The places where water could be stored and used to produce energy on demand are many. But only a fraction of them would actually be necessary to meet people’s needs. Their numbers – which reach into the hundreds of thousands – are the latest reminder of water’s enormous potential as a renewable energy source.
In early April, Andrew Blakers, a professor at the Australian National University, along with a team of researchers published a world map showing 530,000 sites deemed well suited for pumped hydro energy storage. Each site has an upper and a lower body of water in between which a pumping station and tunnel network could be built to exploit the height differential.
Also known as a pumped storage scheme, it works like this: water from the upper reservoir passes through a tunnel network to reach the station where it turns the turbines to generate electricity. It then empties into the lower reservoir. The water later gets pumped back to the upper reservoir ready to restart the process when needed.
The Australian National University study found that pumped-storage schemes account for 97% of energy storage worldwide, thanks to the very low costs of an energy system that exploits characteristics of particular terrains.
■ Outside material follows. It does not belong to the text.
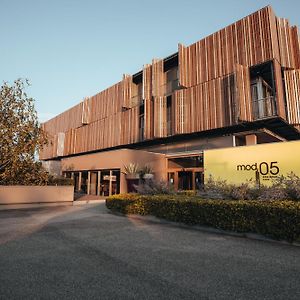 Mod 05 Living Hotel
Clean energy sources: an enormous potential for the world's demand
From the United States to Brazil, from South Africa to Saudi Arabia, from China to Australia, the sites shown on the map produced by the university include almost every continent. If they were all exploited, their energy storage capacity would be 22 million gigawatt-hours (GWh), “several hundred times greater than what was required to support the entire global clean energy production network”, according to the study.
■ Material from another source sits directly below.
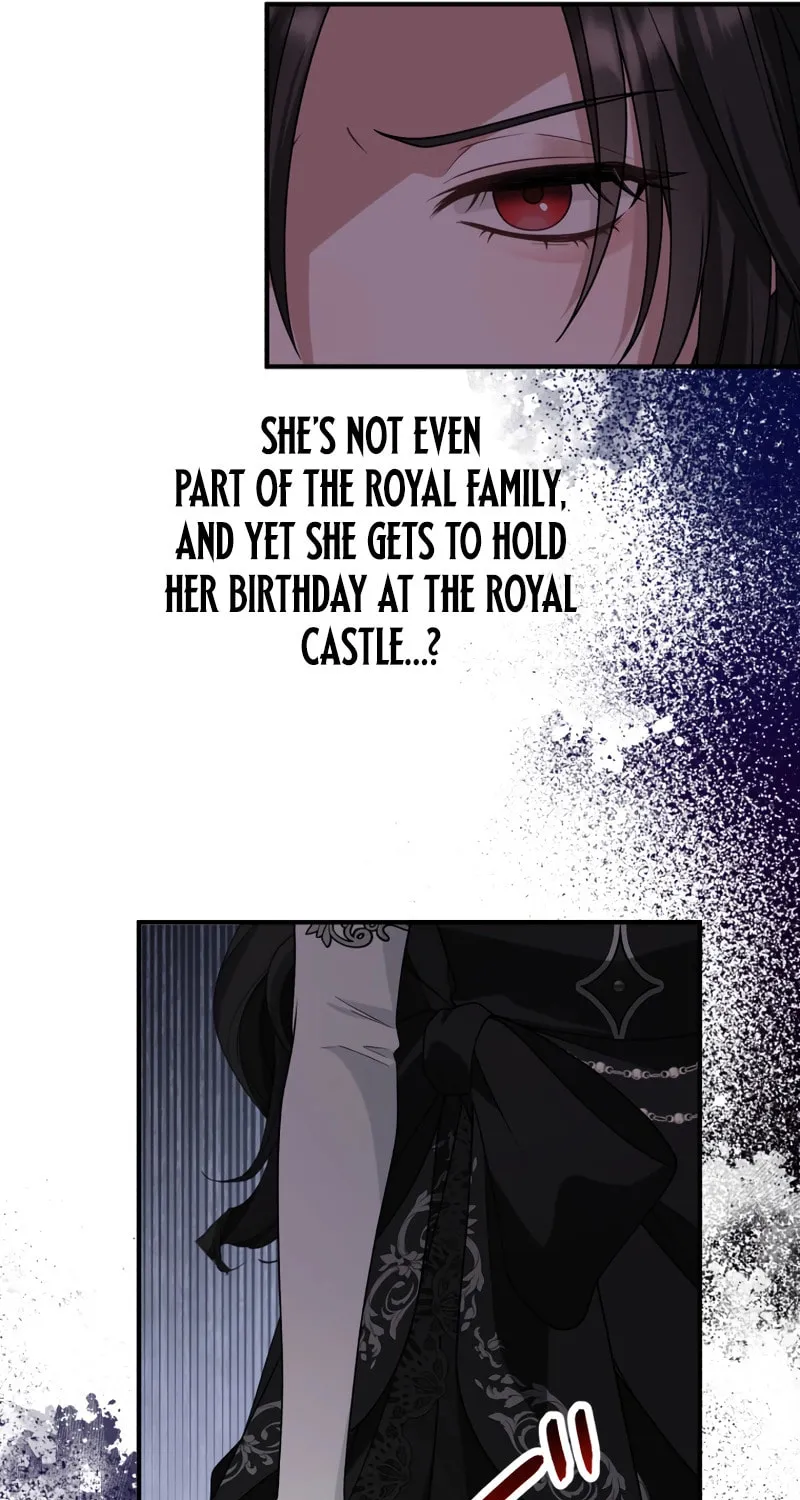 The Grim Reaper Young Lady Wants To Save Her Mastermind Older Brother Chapter 23 page 54 -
Researchers pointed out that in Australia a storage capacity of 20 GWh per million people would be sufficient to ensure the country's energy supply from clean sources alone.
And it is no coincidence that the university is shining a spotlight on this enormous opportunity for sustainable development. In fact, workers are preparing for the construction of Snowy 2.0, the largest scheme of its kind in the country for which Salini Impregilo has been commissioned together with local partner Clough.
Hydro power is a hot topic in Australia, and the study has helped to stimulate the debate. In addition to Snowy 2.0, it was announced on April 8 that another hydropower project, the Kidston Pumped Storage Hydro Project, had received the go-ahead. The plant, to be built in Queensland, will allow the local government to reach the target of generating 50% of the state’s energy needs from renewable sources by 2030.
Powering the world with clean energy
In September 2017, the same team of researchers at the Australian National University identified 22,000 sites for pumped hydro energy storage plants in Australia. That first map was only the beginning of a project that led them almost two years later to mark all the sites on the globe that could make a real contribution to meeting global demand for clean energy.
When announcing the results of the study, researcher Matthew Stocks pointed out that «only a small fraction of the 530,000 potential sites we’ve identified would be needed to support a 100% renewable global electricity system. We identified so many potential sites that much less than the best one percent will be required».
The study, which was published by the prestigious scientific journal Elsevier, opens up a new frontier in the production and management of clean energy and is a call to governments to invest in one of the most effective technologies for reducing pollution from fossil fuel energy sources.